▸ Task: Text only, exactly as given: reproduce the entries below without their pictures.

Brief descriptive captions:
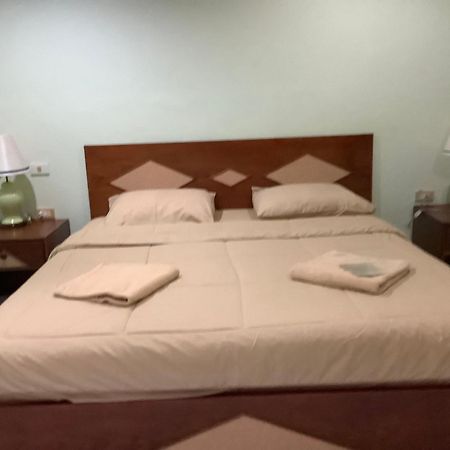 Green Island Guesthouse Karon Exterior foto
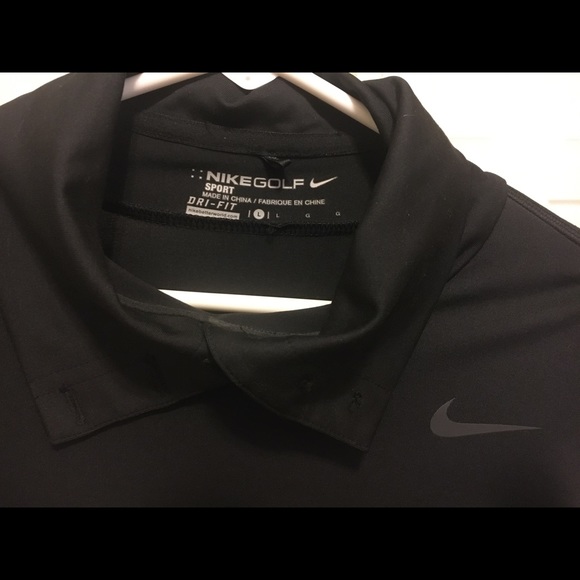 Nike Golf Pullover - Picture 2 of 2
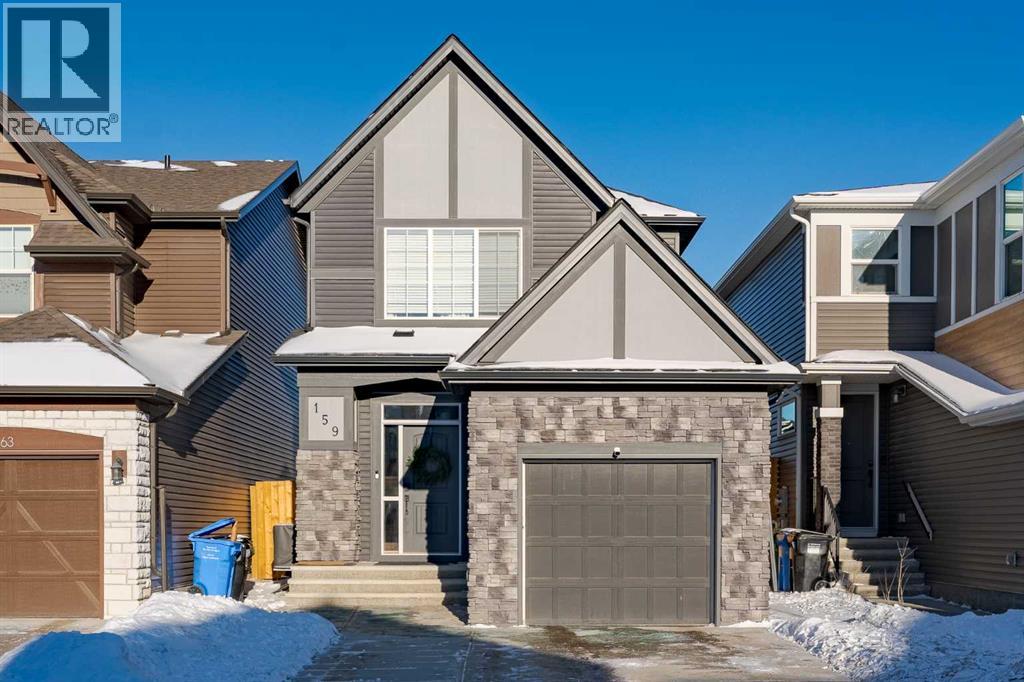 159 Belmont Crescent Sw, Calgary, Alberta  T2X 4N6 - Photo 36 - A2275845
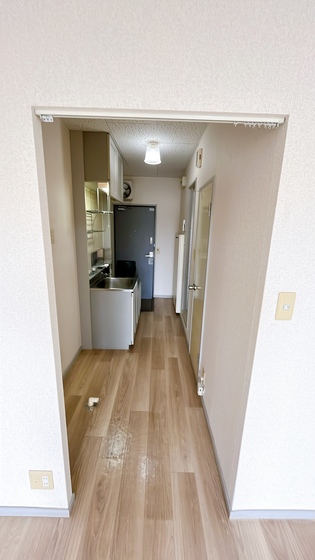 サンクオーレ青江 C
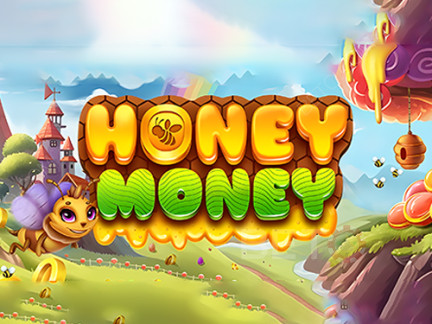Honey Money (Pascal Gaming) Δοκιμαστική έκδοση
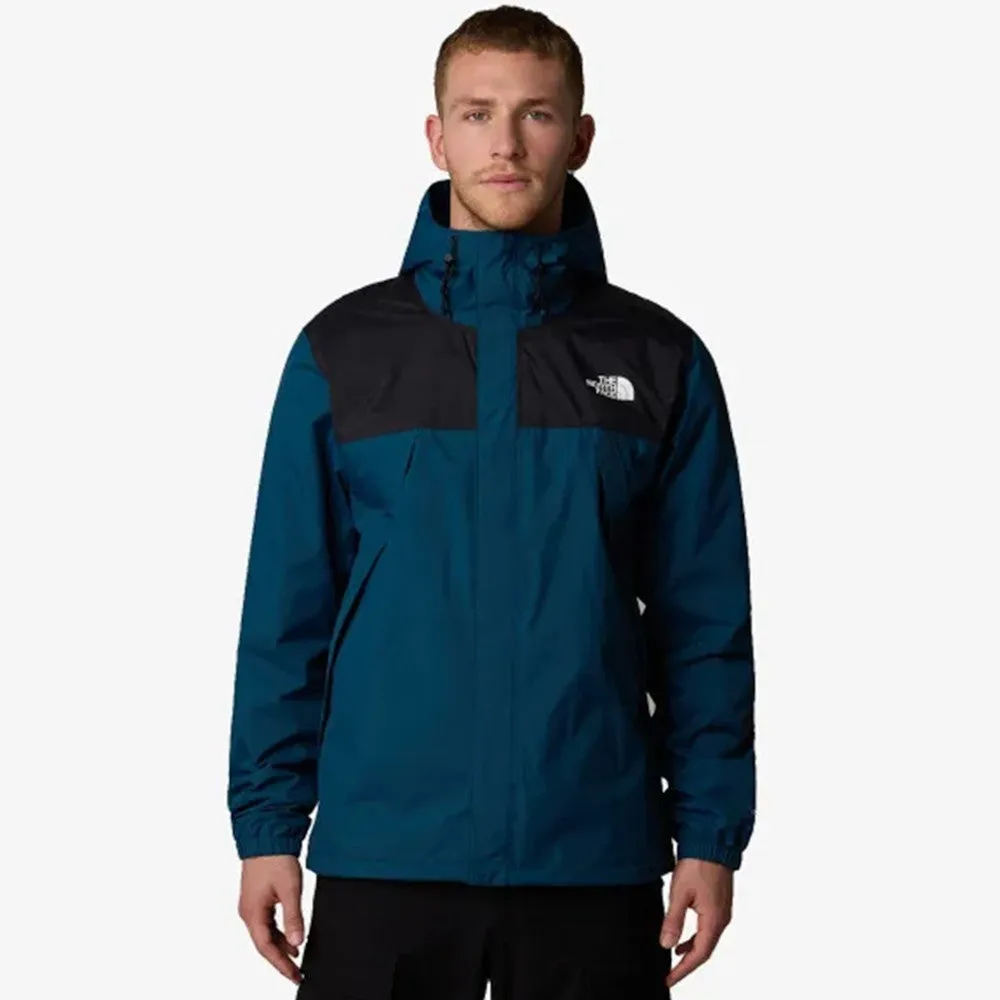 Jakne The North Face NF0A7QEY5LO1 - 2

▸ Response box:
 Green Island Guesthouse Karon Exterior foto
 Nike Golf Pullover - Picture 2 of 2
 159 Belmont Crescent Sw, Calgary, Alberta  T2X 4N6 - Photo 36 - A2275845
 サンクオーレ青江 C
Honey Money (Pascal Gaming) Δοκιμαστική έκδοση
 Jakne The North Face NF0A7QEY5LO1 - 2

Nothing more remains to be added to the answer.